#### Instructions to follow
When the string "black" is part of a line in the data below, report the whole line.

#### Data to process

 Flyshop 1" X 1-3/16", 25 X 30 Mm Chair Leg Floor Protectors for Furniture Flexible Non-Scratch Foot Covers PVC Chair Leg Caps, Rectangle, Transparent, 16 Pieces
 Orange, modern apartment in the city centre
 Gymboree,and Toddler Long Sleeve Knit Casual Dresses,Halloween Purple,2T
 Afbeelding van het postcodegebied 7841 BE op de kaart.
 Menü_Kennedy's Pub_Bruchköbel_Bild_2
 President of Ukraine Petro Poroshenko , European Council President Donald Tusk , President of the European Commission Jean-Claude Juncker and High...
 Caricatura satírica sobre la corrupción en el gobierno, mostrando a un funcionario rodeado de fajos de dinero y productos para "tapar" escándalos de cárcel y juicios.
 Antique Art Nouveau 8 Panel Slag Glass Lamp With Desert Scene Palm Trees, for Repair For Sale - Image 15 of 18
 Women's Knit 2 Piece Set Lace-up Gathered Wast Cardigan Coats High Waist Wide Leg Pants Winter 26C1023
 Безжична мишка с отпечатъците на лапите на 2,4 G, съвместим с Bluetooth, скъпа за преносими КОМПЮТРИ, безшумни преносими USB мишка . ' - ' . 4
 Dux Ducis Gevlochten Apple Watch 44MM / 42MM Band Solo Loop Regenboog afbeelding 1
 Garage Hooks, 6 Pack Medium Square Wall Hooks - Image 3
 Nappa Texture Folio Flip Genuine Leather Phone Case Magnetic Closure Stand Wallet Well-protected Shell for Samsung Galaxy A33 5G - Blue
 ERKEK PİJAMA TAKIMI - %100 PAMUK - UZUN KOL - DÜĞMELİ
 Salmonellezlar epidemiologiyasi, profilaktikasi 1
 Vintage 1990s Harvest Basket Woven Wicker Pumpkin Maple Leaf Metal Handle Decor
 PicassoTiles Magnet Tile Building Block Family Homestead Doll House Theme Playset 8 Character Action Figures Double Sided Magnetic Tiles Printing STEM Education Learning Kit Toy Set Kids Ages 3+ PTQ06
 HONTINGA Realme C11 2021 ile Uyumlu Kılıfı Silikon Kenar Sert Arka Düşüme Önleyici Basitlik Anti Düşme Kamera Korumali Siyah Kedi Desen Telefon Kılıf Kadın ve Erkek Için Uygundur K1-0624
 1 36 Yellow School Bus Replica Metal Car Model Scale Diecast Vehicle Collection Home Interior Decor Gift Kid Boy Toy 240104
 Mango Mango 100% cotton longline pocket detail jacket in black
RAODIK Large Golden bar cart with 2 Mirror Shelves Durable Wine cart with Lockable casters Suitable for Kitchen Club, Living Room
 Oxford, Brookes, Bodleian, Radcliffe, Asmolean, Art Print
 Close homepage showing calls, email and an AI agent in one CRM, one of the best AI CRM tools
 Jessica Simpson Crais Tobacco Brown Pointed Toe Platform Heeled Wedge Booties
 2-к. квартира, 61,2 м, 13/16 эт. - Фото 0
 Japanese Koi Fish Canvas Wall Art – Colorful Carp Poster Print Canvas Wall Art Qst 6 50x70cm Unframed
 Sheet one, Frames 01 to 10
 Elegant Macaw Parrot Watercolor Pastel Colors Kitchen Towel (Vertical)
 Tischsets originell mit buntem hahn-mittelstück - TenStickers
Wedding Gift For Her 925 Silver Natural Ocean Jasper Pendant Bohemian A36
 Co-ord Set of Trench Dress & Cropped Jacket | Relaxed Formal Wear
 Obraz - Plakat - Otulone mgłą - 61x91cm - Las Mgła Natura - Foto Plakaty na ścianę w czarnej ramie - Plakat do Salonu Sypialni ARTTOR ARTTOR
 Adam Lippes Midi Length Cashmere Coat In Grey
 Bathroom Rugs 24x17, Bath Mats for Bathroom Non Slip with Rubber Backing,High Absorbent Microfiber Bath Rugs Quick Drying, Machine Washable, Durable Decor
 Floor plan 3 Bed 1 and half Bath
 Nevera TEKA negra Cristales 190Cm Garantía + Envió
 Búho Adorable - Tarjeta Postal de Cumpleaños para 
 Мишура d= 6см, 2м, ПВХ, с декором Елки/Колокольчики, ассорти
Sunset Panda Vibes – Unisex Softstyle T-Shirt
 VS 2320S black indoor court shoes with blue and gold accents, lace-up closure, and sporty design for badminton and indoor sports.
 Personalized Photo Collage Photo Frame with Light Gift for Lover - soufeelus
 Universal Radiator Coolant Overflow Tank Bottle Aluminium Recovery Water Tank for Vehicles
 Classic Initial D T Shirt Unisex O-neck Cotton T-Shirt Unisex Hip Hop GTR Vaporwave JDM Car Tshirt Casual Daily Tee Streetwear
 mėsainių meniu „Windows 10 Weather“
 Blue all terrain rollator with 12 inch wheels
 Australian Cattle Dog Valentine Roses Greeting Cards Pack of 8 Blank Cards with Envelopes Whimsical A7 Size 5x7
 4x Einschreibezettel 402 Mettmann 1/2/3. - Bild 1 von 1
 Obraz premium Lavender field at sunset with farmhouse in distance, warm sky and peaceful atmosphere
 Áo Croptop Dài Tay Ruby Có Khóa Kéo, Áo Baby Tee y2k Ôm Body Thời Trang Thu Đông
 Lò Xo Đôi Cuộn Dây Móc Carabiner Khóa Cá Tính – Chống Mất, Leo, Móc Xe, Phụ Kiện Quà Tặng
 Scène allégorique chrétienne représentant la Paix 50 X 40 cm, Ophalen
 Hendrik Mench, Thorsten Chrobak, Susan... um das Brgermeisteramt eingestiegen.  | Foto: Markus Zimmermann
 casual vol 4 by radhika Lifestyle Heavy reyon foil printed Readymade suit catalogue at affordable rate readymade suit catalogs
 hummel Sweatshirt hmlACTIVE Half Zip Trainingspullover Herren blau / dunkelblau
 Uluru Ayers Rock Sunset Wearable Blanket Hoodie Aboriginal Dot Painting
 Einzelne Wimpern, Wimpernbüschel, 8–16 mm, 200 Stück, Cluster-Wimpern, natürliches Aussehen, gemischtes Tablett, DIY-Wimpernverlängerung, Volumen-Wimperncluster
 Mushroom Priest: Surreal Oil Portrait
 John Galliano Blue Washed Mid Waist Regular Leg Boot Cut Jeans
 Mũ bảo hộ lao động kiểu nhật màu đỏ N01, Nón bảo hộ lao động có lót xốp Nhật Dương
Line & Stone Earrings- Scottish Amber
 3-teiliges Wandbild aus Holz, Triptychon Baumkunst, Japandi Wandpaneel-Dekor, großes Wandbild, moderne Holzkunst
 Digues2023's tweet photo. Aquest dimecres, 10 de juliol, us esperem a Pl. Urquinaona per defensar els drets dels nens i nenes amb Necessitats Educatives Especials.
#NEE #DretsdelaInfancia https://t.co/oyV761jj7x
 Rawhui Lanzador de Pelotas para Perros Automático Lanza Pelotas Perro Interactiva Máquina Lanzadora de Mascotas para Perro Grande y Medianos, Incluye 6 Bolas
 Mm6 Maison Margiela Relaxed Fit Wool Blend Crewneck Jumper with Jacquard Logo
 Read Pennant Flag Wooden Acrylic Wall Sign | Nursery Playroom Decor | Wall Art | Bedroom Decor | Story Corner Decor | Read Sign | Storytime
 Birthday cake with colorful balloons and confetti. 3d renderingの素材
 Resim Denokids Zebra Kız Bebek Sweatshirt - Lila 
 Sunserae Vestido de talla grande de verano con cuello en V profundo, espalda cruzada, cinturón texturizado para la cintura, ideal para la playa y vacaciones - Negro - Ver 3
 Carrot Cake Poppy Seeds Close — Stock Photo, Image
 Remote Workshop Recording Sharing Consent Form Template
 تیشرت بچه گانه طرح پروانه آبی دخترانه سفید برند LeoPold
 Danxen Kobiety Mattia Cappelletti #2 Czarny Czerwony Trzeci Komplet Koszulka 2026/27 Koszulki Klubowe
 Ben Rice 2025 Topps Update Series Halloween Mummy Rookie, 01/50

#### Response for this exercise
 Mango Mango 100% cotton longline pocket detail jacket in black
 VS 2320S black indoor court shoes with blue and gold accents, lace-up closure, and sporty design for badminton and indoor sports.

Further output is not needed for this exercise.